## INSTRUCTIONS TO FOLLOW
Would you retype exactly the lines below, from the one containing "Kaffeetasse Blumen und" through the end of the entries, both ends included, but not the pictures?

## RECORDS FOR THIS EXERCISE
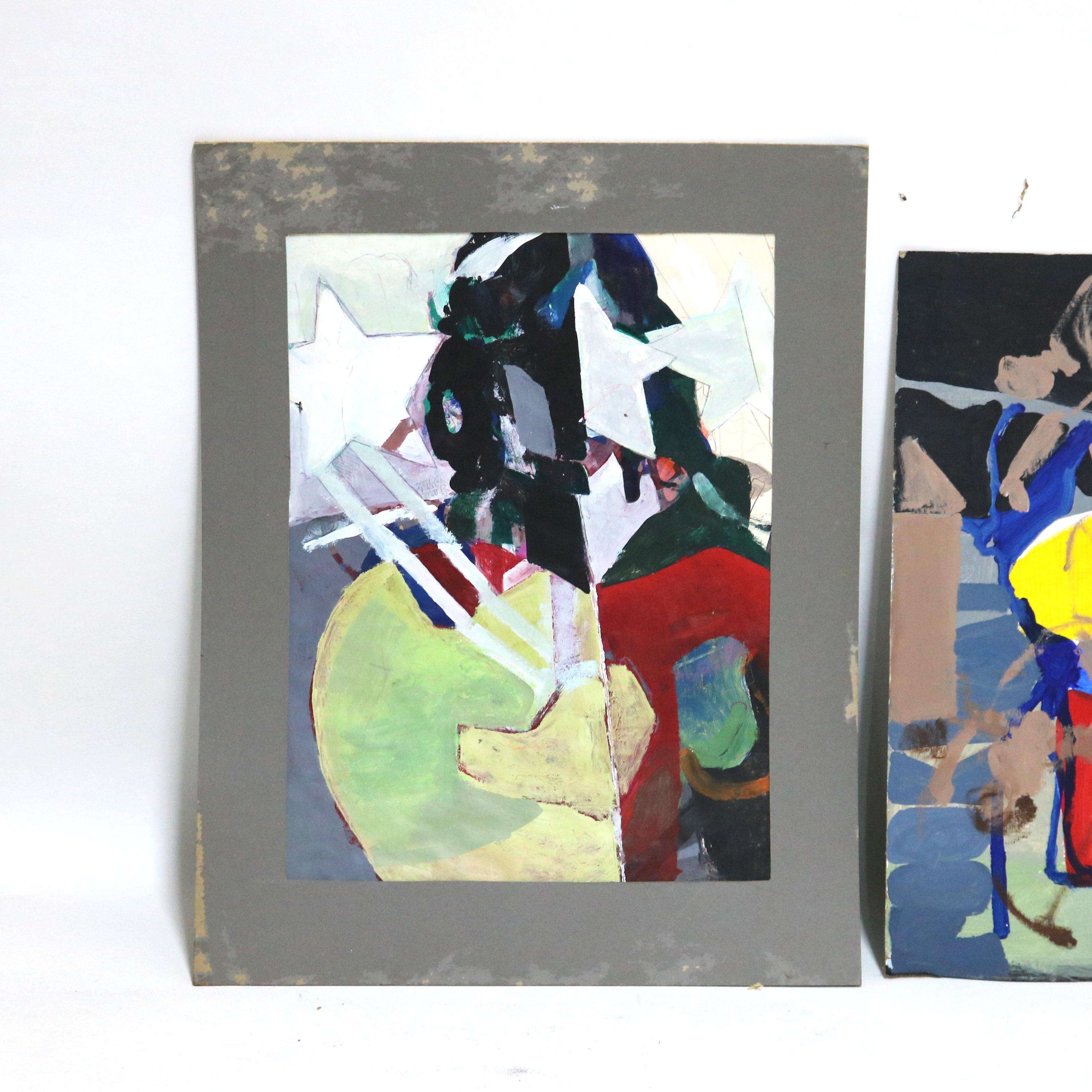 Vier Stücke von Mid Century Modern Abstract Impressionist Öl auf Karton oder Öl auf Papier Gemälde von Sharie Jones Unsigned C1968

Maße - 28 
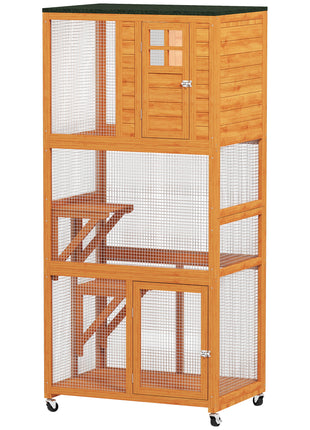 74" Wooden Outdoor Cat House Catio Outdoor Cat Enclosure, Orange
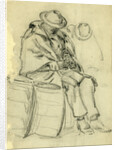 Figure wrapped in blanket sitting on a barrel and reading by Anonymous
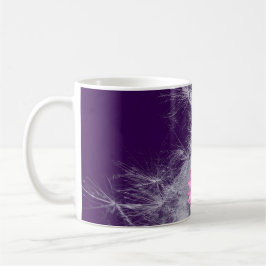 Kaffeetasse Blumen und Distelsamen, lila Koffiemok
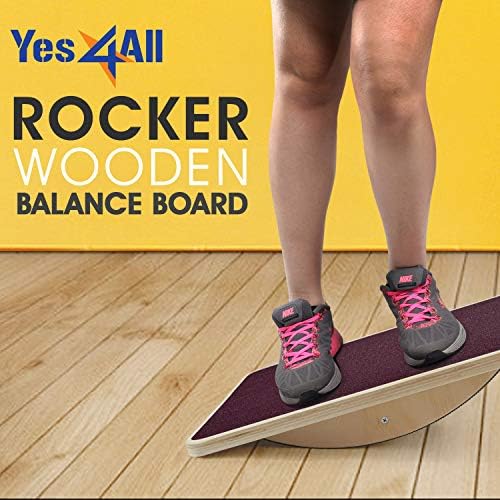 Yes4All Professional Anti-Slip Rocker Board for Leg Workout and Standing Desk Use | Yes4All 350LBS Wood Balance Board,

## SOLVED PROBLEM
 Kaffeetasse Blumen und Distelsamen, lila Koffiemok
 Yes4All Professional Anti-Slip Rocker Board for Leg Workout and Standing Desk Use | Yes4All 350LBS Wood Balance Board,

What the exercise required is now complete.